You can see that the quality degrades as expected initially, but then the signal disappears, either because of an extension of the general degradation or because some external factor blocked the imaging, and the sequencer starts to call G bases, the quality rises again.

The big issue this cases is that most trimming systems assume that quality loss is progressive from the 5′ end of a read to the 3′, so when deciding where to quality trim a read they start at the 3′ end and work back towards the 5′ until good quality sequence is detected.
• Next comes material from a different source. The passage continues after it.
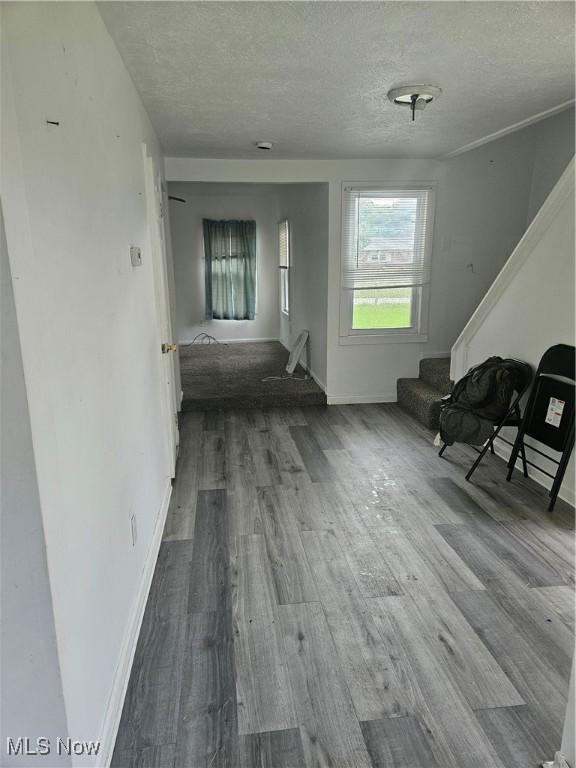 5860 Kirk Rd, Canfield, OH 44406 - corridor featuring stairway, a textured ceiling, and wood finished floors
In the types of read shown above the read will not be trimmed because the most 3′ sequence is high quality, so incorrect base calls will remain which will adversely affect the downstream analysis of this data.

Mitigation and Prevention

There are a few potential strategies for fixing this problem and some of the symptoms will be easier than others. For unprimed reads which are completely polyG then these will probably not affect downstream analyses other than triggering QC alerts, so will have less of an impact once people are aware of their source. For the progressive quality loss the need for a solution is more pressing. Illumina already have a system in place which artificially downweights the quality scores for reads whose quality dips below a certain level. It seems likely that they should be able to adapt their calling software to recognise reads where quality dips to be replaced with high quality poly-G and then artificially downweight the quality scores for the remainder of the read. This same case can probably also be tacked by the authors of trimming programs where they might, for example, provide and option to exempt G calls from the assessment of quality and to trim 3′ Gs from reads as a matter of course.

Lessons Learnt

You can’t always trust the quality scores coming from sequencers, and if you see odd sequences in your libraries it’s worth investigating them as they may unearth a deeper problem.